Even as ad tech products become more important in the B2B world, Kisseberth reinforced that the most value a B2B publisher can draw from its platform isn’t building inventory (i.e., more viewers), it’s funneling people into the demand and lead-generation stage.
David Fortino, VP of audience development at NetLine, a network that connects some 15,000 B2B publishers, from bigger players like Purch to niche bloggers, also stressed the importance of understanding how B2B’s marketing is optimized to a profoundly different outcome, which is obscured if you just try to conceive of it as “sales” or “conversions.”
“There’s no concept of CPM for a company like NetLine ,” said Fortino. “That user funnel, for us, is leading to face-to-face meetings, Skype sessions, an educational process.”
Kisseberth emphasized the same thing, pointing out that the B2B publisher’s elongated marketing relationship with individual users pays off because of how much more valuable the ultimate sale ends up being.

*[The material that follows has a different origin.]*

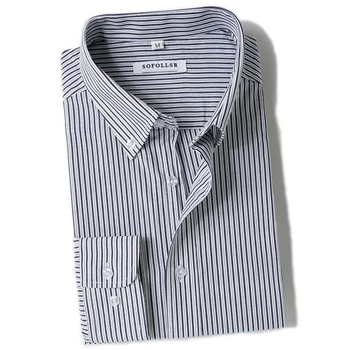 Мъжка риза в райе от 100% памук с високо качество, Лятна ежедневно облекло с дълъг ръкав, Мъжки ежедневни ризи с копчета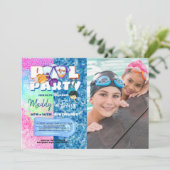 Gemeinsame Pool-Party Einladung (Stehend Vorderseite)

“We’re educating people on decisions that are very expensive,” echoed Fortino. “If you buy a pair of shoes online from some piece of marketing content, that’s fine even if the shoes aren’t great. But you can lose your job and do material harm to your company if you pick the wrong CRM.”
That’s part of why many B2B companies are developing new native strategies, said Uphoff. For clients that are startups or not the brand names that have been B2B’s bread and butter – IBM, Oracle, Adobe, Microsoft, Intel – having solid leads delivered every month doesn’t pay off because they need to build a thorough level of trust.
That means a newfound emphasis on white papers, editorial-style posts and thought leadership opportunities, which all point toward native offers. Uphoff said Business.com’s “brand engagement” (sponsored content) accounts for 35% of the company’s total revenue, with expectations that it will be 50% of revenue in the near future.
And that, bear in mind, is coming in large part from advertising products the company didn’t even offer as recently as 2013.
Another crucial factor is the pool of budgets available to some B2B companies. Unlike consumer publications, B2B outlets target the kind of trade marketing budgets that could otherwise go to reducing prices for in-store sales or for purchasing better shelf position with a merchant.
These under-the-radar expenditures can sometimes outstrip the amount a CPG company spends on advertising in a year.
“B2B is easy to overlook,” said Uphoff. “It isn’t sexy providing the custom content marketers need to sell back-end office processing software. … But it’s profitable, and smart people are seeing that it’s best done programmatically.”